(EXERCISE DATA Opens)

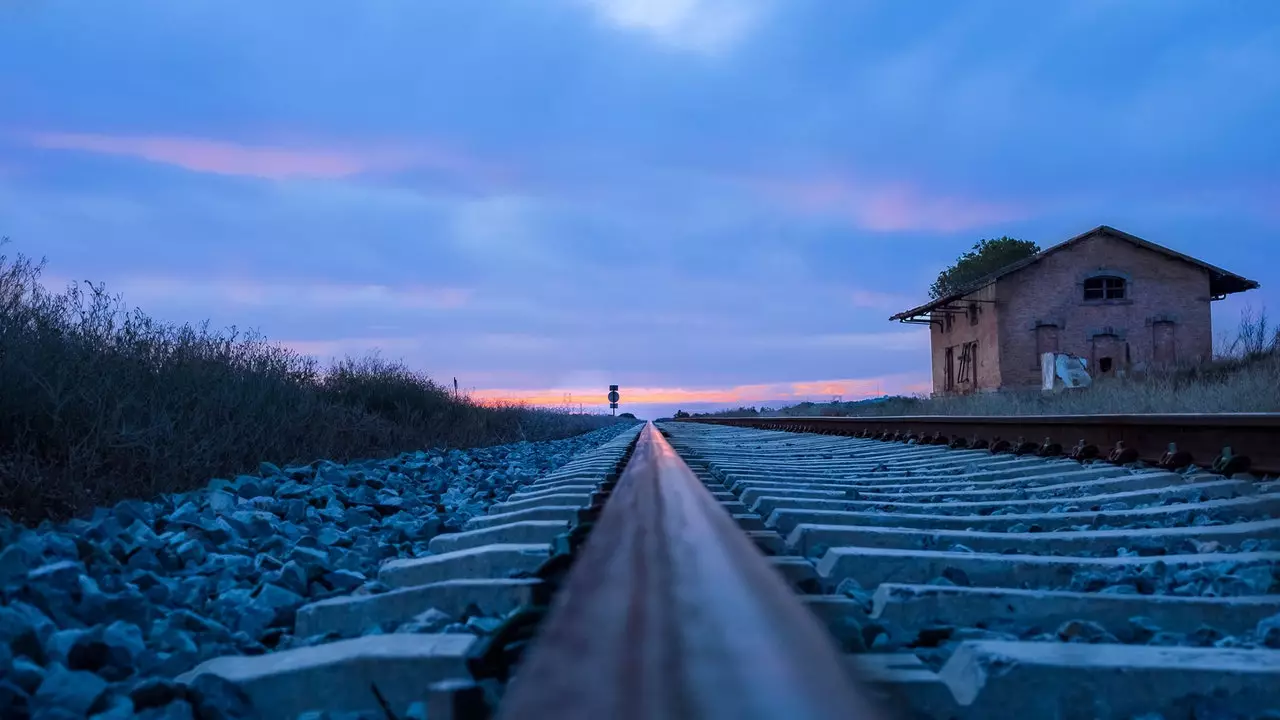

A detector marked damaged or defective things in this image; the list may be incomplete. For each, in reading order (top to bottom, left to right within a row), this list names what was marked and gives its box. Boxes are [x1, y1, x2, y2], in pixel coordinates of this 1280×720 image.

rusty rail surface [494, 420, 885, 717]
rusty rail surface [680, 412, 1280, 474]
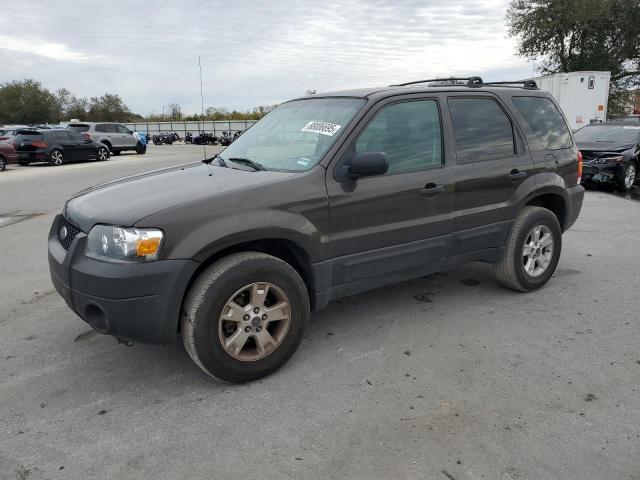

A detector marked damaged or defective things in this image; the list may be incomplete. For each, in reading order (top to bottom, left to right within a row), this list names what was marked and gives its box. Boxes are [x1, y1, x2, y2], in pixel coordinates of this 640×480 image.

cracked asphalt [1, 145, 640, 480]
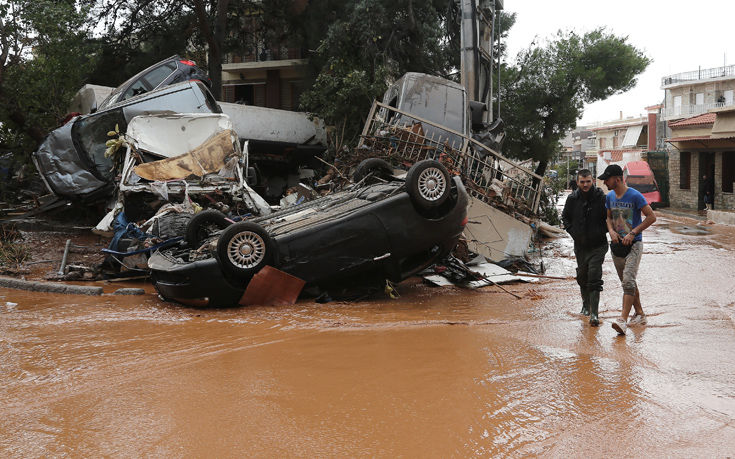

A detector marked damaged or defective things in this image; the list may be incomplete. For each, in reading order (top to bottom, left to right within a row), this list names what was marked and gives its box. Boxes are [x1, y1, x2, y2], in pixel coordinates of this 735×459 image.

crushed vehicle [33, 81, 221, 203]
crushed vehicle [95, 55, 210, 111]
damaged staircase railing [360, 99, 544, 218]
overturned black car [150, 160, 472, 308]
crushed vehicle [150, 160, 472, 308]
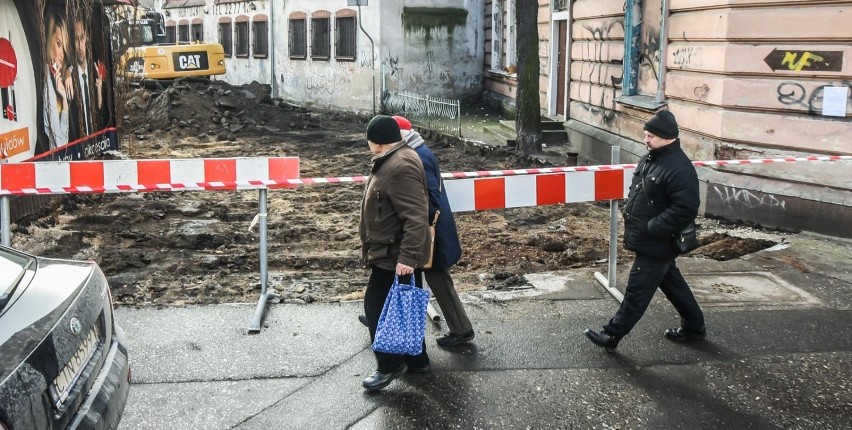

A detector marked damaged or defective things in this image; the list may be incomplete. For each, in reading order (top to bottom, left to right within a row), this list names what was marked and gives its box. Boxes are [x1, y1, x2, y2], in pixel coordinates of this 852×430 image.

peeling plaster wall [382, 1, 482, 100]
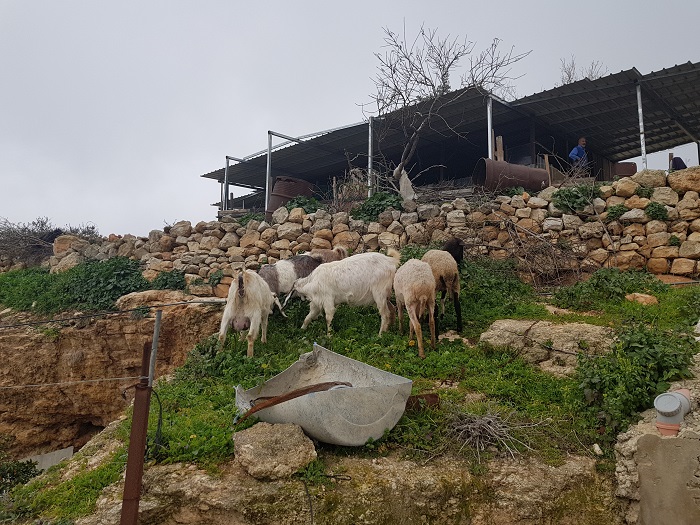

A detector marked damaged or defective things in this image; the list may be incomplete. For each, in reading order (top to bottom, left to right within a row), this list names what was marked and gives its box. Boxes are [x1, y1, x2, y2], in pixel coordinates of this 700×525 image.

rusty metal barrel [470, 160, 552, 192]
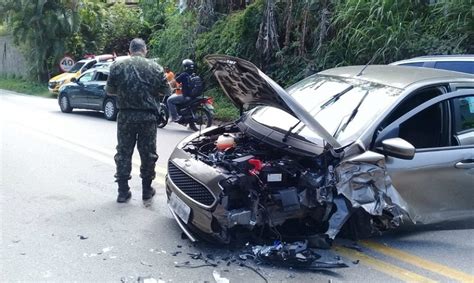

(EXERCISE DATA Closes)

**WHAT TO DO:**
Transcribe all of the data above verbatim but omit every picture.

**ANSWER BOX:**
A detector marked damaged or defective things in this image; the list may be incomplete. For each, in reading order (top to bottom, left to right within a row), this list names what was marked and gives its box. Boxes are [x1, y1, x2, y2], in pixel coordinates of this 1280×720 image.

rusty rail surface [494, 420, 885, 717]
rusty rail surface [680, 412, 1280, 474]

A detector marked damaged or defective things in this image; the list may be incomplete. For each, in reading order (top to bottom, left to right within a row), this list names what was marked and gives its box. Boxes are [x1, y1, x2, y2], in pixel coordinates of this 640×480 image.

cracked asphalt [1, 145, 640, 480]

A detector marked damaged or defective things in this image; the list may be incomplete. For each, in reading order (top to bottom, left to right within a row), this list names what was marked and gives its box. Boxes are [x1, y1, x2, y2], in pixel coordinates of this 735×459 image.

crushed vehicle [33, 81, 221, 203]
crushed vehicle [95, 55, 210, 111]
damaged staircase railing [360, 99, 544, 218]
overturned black car [150, 160, 472, 308]
crushed vehicle [150, 160, 472, 308]

A detector marked damaged or defective things in this image; the list may be incomplete. For each, in reading order (top to bottom, left to right within a row), this list names what was marked and gives its box. Boxes are [x1, y1, x2, y2], in pixel coordinates of this 852×430 image.

peeling plaster wall [382, 1, 482, 100]

A detector marked damaged or defective things in this image; the list may be incomplete. For each, in reading order (top to bottom, left to right within a row), this list names what was marked and gives its box. Boxes are [x1, y1, x2, y2], in pixel coordinates of this 700×525 image.

rusty metal barrel [470, 160, 552, 192]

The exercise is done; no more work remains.